ABOUT THIS EXERCISE:
There are pictures in the records below; leave them out and set down exactly the lines from the one holding "Шпалери Caselio Natte NAE 101566247" through the one holding "八年级英语下册 Unit 7 Lesson 37 课件04".

DATA:

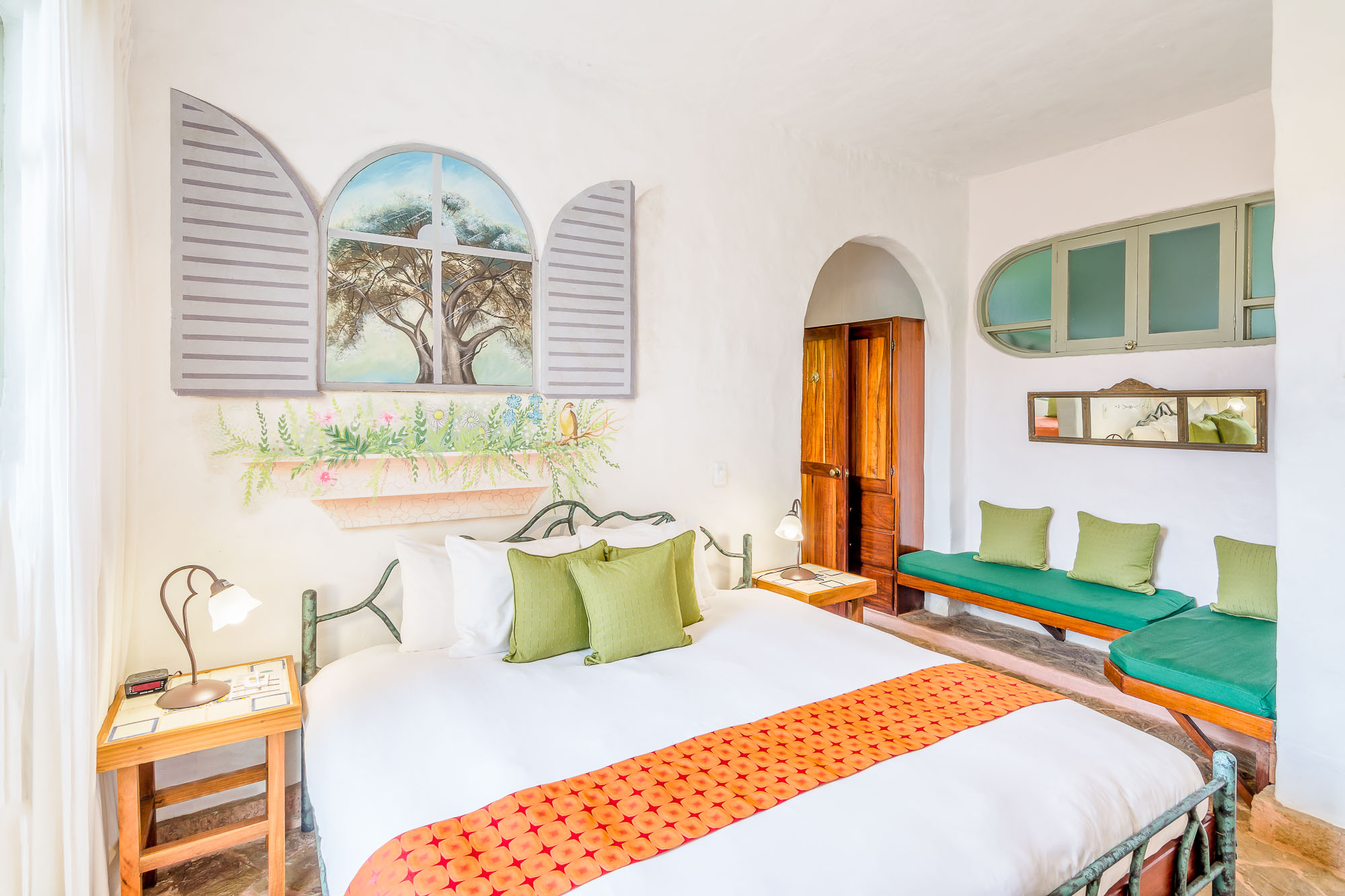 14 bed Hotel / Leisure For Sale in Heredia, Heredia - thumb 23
* * *
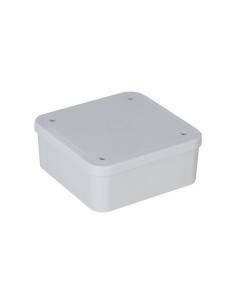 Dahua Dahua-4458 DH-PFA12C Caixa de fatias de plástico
* * *
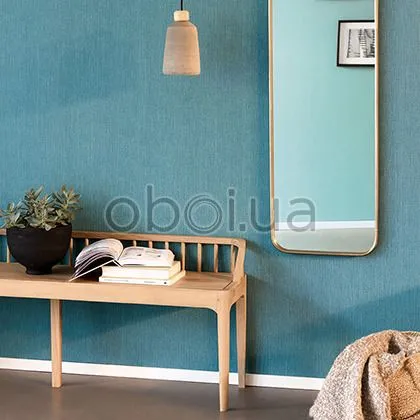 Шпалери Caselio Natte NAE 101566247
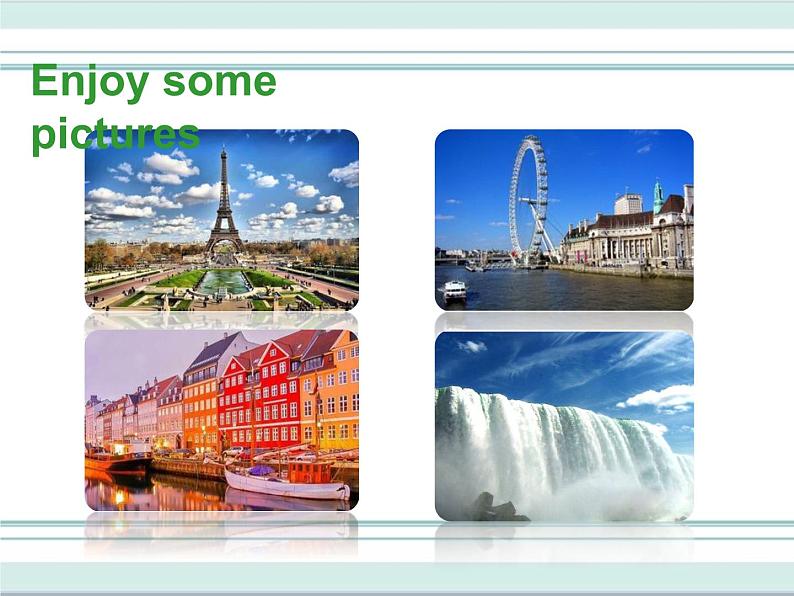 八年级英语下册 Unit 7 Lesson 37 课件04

RESULT:
 Шпалери Caselio Natte NAE 101566247
 八年级英语下册 Unit 7 Lesson 37 课件04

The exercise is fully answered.